The required output is the stretch from the line containing "IRRC staff member holding The Lorax" through the line containing "Piano Print Short-Sleeved Shirt" in the records below, unaltered and with no pictures.

* **Given data**
________________________________________

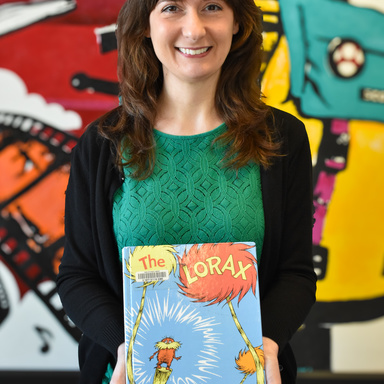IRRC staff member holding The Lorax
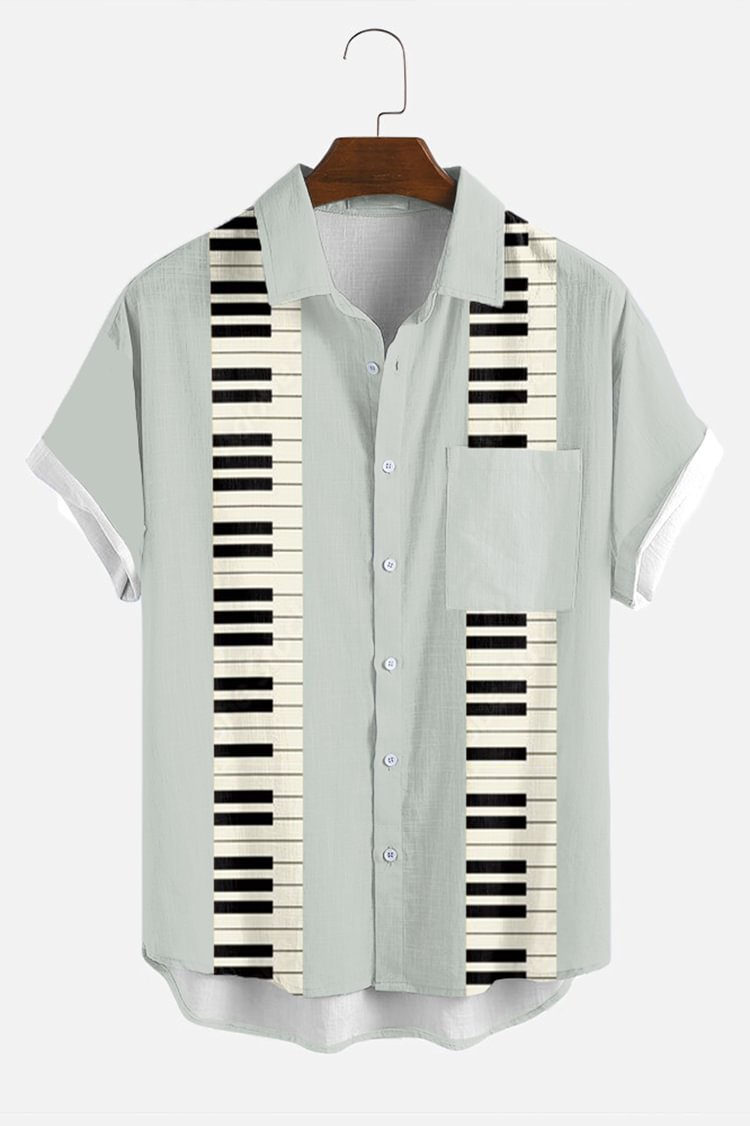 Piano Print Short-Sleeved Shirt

________________________________________

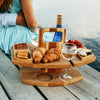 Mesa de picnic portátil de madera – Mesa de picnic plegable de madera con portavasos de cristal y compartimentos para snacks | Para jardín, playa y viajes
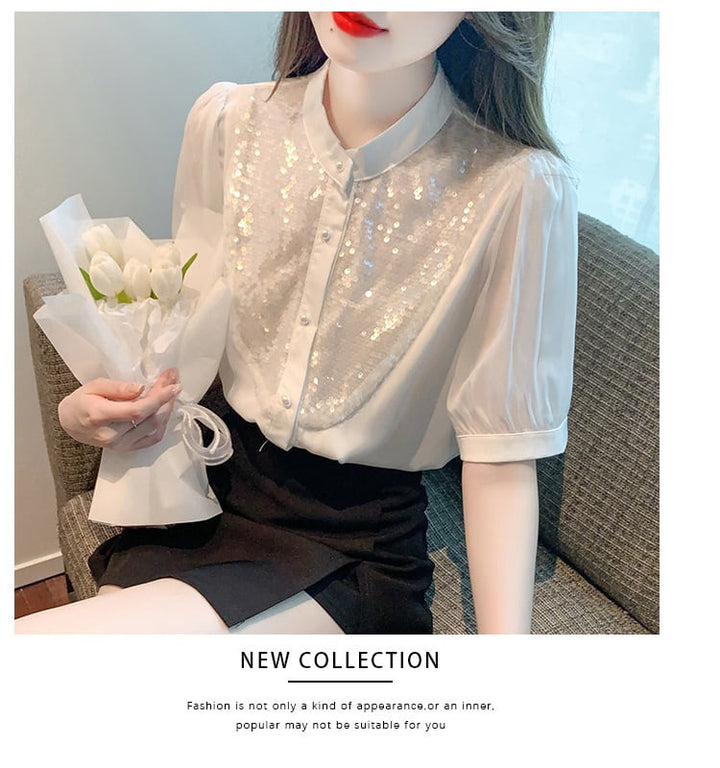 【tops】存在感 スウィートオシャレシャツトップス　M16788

________________________________________

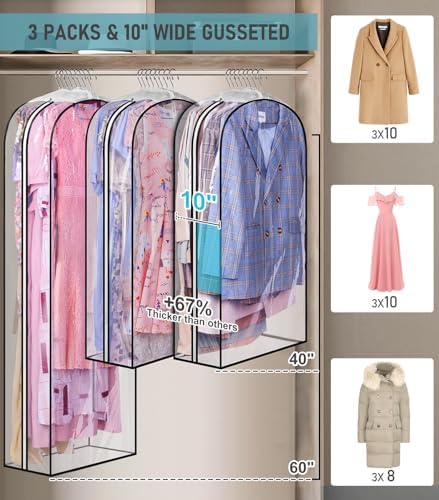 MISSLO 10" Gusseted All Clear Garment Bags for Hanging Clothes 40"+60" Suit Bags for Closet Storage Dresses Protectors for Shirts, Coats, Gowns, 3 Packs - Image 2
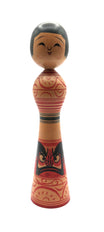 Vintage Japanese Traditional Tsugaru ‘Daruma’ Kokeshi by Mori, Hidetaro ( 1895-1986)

________________________________________

* **Reply to the exercise**
IRRC staff member holding The Lorax
 Piano Print Short-Sleeved Shirt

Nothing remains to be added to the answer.